Kevin - honest question - did you watch "Star Trek: Discovery", particularly seasons 3-5? If you did, then the tech changes spurred by the jump to the 32nd century (personal transporters, programmable matter, etc.) shouldn't be a surprise. (Although you may be confusing the personal transporters - which are still range-limited - with Discovery's spore drive, which is decommissioned by the time ST:SA starts.)
As far as the "big bad" being pirates - it's more complicated than that.

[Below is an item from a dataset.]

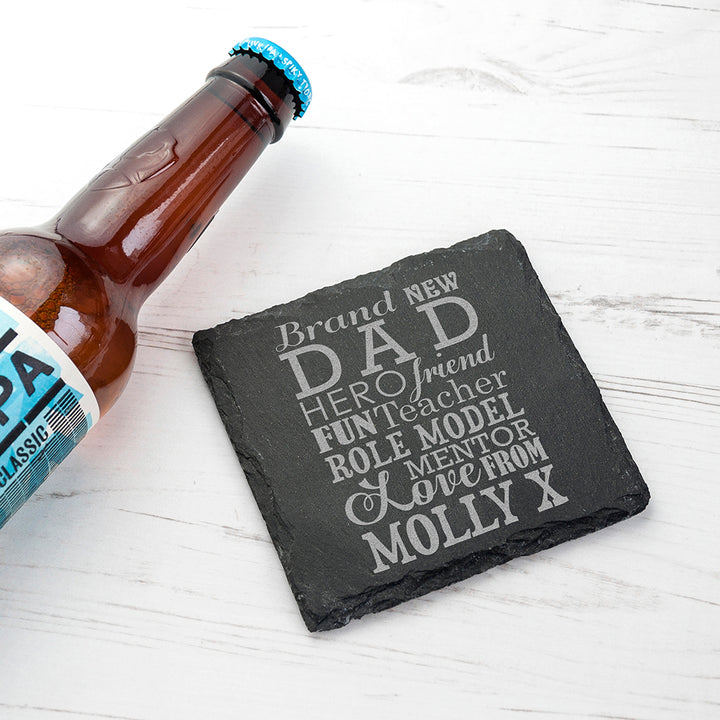 What A New Dad Means Square Slate Keepsake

Again, later-season Disco fleshes this out, but here's the TL;dr:
- There was a catastrophic event called "the Burn" which caused all dilithium to go inert, and anything with an active warp core to go boom
- The Federation as we knew it largely fell apart, with many worlds (including Earth) going isolationist for their own protection
- Starfleet - what was left of it - largely went into hiding to lick its wounds
- Criminal elements, particularly those with access to FTL drives that weren't reliant on dilithium*, quickly rose to power and took control of former Federation territories
- Later-season Discovery shows the Federation pulling itself back together and getting back to business, but a number of rogue elements remain
* I had to qualify this because some ships - like Romulan vessels - use different energy sources to power their warp engines. The presumption was that these vessels, while not as numerous as ones equipped with traditional dilithium-powered engines, would have remained viable.
I watched the first two episodes, and while yeah, it has its cringy moments, I'm willing to give it a shot. It has a number of things working in its favor - Robert Picardo is back as the Doctor, for one - but most of all, it's optimistic, and we can use a little optimism right about now.